Cloud Computing and Math

I've just spent the better part of two hours now trying to figure out Cloud Computing. I'm focused of course on where my product line can fit in this latest hyped paradigm. While it's positioned right now as more of a disruptive technology than anything else, there's clearly going to be some kind of future here. There are a number of nuggets out there, but so much of what I'm seeing is based either on scalable storage (seems that this one is almost solved with things like Hadoop and Map-Reduce). Which is fine for the data center people, but what about the analysts? How do you distribute your long-running simulations in these environments?

Grid technologies have been around for a long time now. The Globus Toolkit has been around for more than a decade. I've actually set this up a few years ago on a couple dual CPU Linux boxes that have been retired to my basement - so I know it's real and works. This is certainly one avenue to the distribute math solution, but it's very different than all these "cloud" solutions. Web Services underlies the communication is many architectures, but Grid isn't about SOA or SaaS.

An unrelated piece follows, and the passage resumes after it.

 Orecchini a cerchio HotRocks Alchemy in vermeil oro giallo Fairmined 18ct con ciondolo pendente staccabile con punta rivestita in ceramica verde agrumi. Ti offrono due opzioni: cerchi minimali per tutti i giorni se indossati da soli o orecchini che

So if you have "real" problems to solve (beyond SQL queries and other general database/data center type problems), how do you get there? I'm just not seeing it. What's actually running on the Cloud? And how do you get there? With volatile virtual Xen images, where do my compilers live? What runtime libraries are available? I haven't found anything real here at all. One of our customers is actively looking at Amazon's EC2 in concert with our Java library and he's worried about licensing issues as the solution possibly scales out to 1000s of nodes. Of course we have pricing for this having lived in the MPI world for a long time, but this isn't your father's parallel computing environment anymore.

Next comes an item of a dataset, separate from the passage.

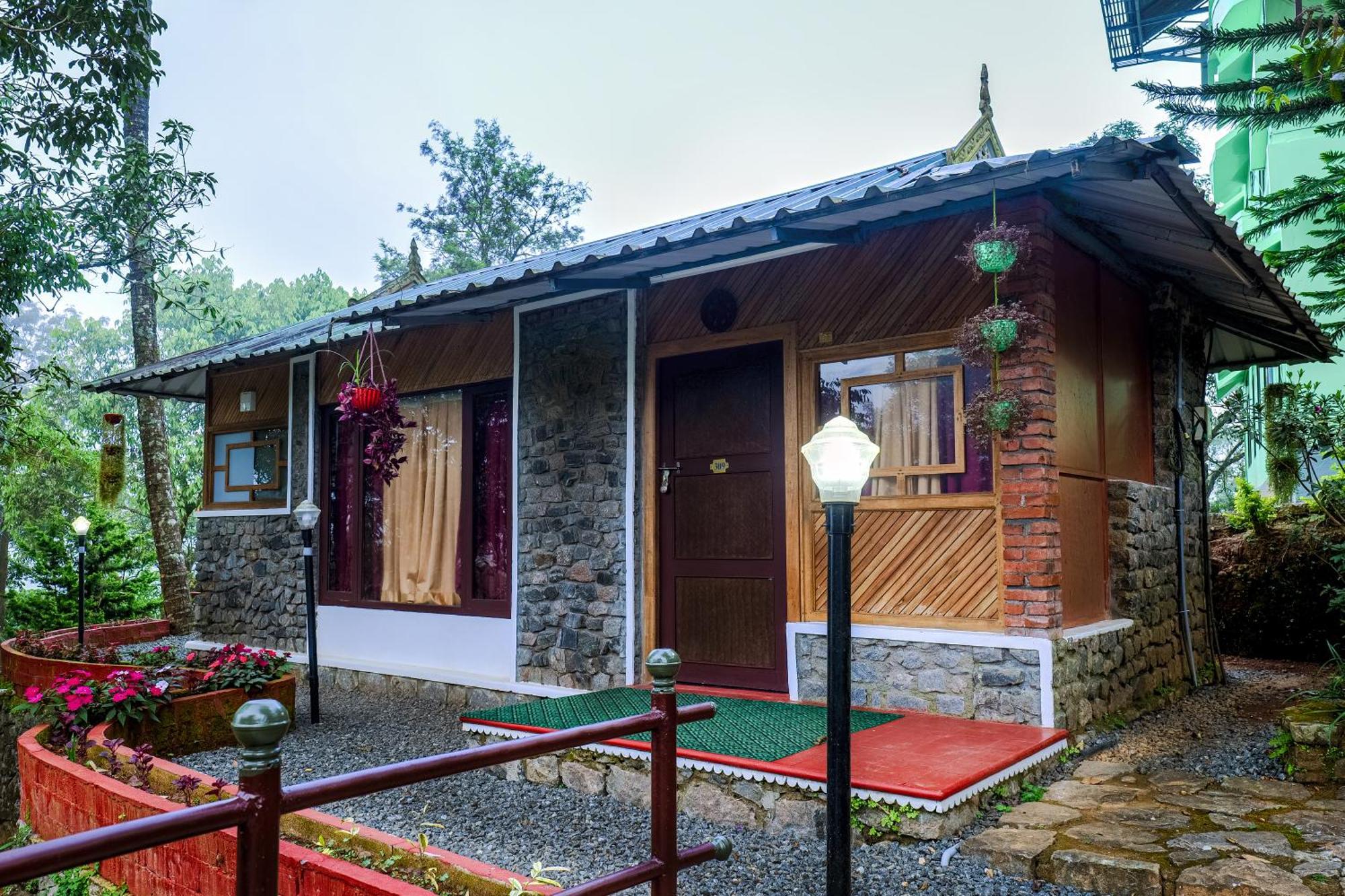 Отель Exotica Holidays Viripara Экстерьер фото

Apparently you can create your own Amazon Machine Image with all your software on it. But how do these images talk to each other? If you spin up 500 images to run a simulation, what are the APIs for getting your data back out? Is it really just like having 500 of the same machine sitting in the back room and you just have each one dump data to a web service running on a master node on your desktop?

I guess nobody is writing articles to address these kinds of questions, so I'll have to immerse myself in Amazon's developer forums -- but that's immensely frustrating as 99% of them are solving regular old data center things and not doing anything interesting.